Note: Both K_{c} and K_{p} **do not **have units. This is because they are direct comparisons of the products and reactants. Their units cancel out when doing the calculation and then when they are used in other calculations, not having a unit prevents further problems.

Example |

1. Using K_{c}

\( PbI_2 \rightleftharpoons Pb \; (aq) + I \; (aq) \)

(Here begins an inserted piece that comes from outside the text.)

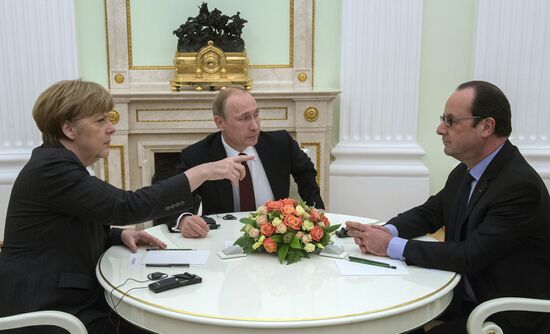 Russian President Vladimir Putin holds meeting with FRG Chancellor Angela Merkel and President of France Francois Hollande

First, balance the equation.

Check the Pb. There is one on each side, so we can leave it alone for now. Next check the I. There are two on the left side and one on the right side. To fix this, we add a coefficient of two to the right side. | PbI_{2} ↔ Pb^{2+}_{(aq)} + 2 I^{-}_{(aq)} |

Now check to make sure the numbers are equal. | PbI_{2} ↔ Pb^{2+}_{(aq)} + 2 I^{-}_{(aq)} |

Next, we can find Kc. Use these concentrations: Pb- 0.3 mol/L, I- 0.2 mol/L, PbI_{2}- 0.5 mol/L

\( Kc = \dfrac{(0.3) * (0.2)^2}{(0.5)} \)

Kc= 0.024

Note: If the equation had not been balanced when the equilibrium constant was calculated, the concentration of I ^{- }would not have been squared. This would have given you an incorrect answer.

Example |

\( SO_2 \; (g) + O_2 \; (g) \rightleftharpoons SO_3 \; (g) \)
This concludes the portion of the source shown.